I’m a big fan of playing in the mountains, which makes Calgary a rather good base for work. Hiking, skiing, and climbing are all on my weekend wish list, and I think we’ve successfully convinced our kids to accept those, as well. I look forward to any activities with my wife and two children, even if it doesn’t involve the mountains, and I still enjoy playing, and now coaching, basketball. At home I’ve become a bit of an amateur cartographer, building topographic maps that feed some of my other interests.
What would be your message for youngsters who have joined our industry recently?
Go to talks… even if you don’t understand anything they’re saying. Just pick out one detail, no matter how small, and try to understand its relevance. Then go to more talks. Eventually, all of the things that you didn’t understand at first start to show up again in different places. You’ll learn more and more and eventually find that you’re an expert.

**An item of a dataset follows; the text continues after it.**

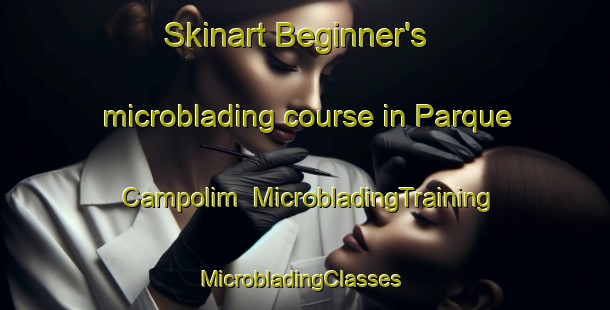 Skinart Beginner's microblading course in Parque Campolim | MicrobladingTraining | MicrobladingClasses | SkinartTraining-Brazil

I don’t like the word ‘expert’ because it implies knowing something that is out of reach for everyone else. Really, that’s not the case, it’s just about being persistent. But find some part of your job that you’re interested in and become an expert at it. Maybe it’s the software you use, or the interactions you have with companies and people, or a specific job function. Learn every aspect from co-workers, papers, help files, and then help the people you work with understand what possibilities exist. Using software as an example, I see so many features designed for a specific purpose with no one who knows what these features do, or why. Be the person who understands them and helps bring success to your team. When you have a skill set that can benefit your work and team like that, you become indispensable as a geophysicist.
And finally, what question (which I apparently may have missed out on) would you ask Carl, if you were in my place? And what would be your answer?
I can’t honestly think of anymore. I appreciate the chance to answer the ones you’ve posed, and I feel honoured to make the list of geophysicists you’ve interviewed over the years. Thank-you.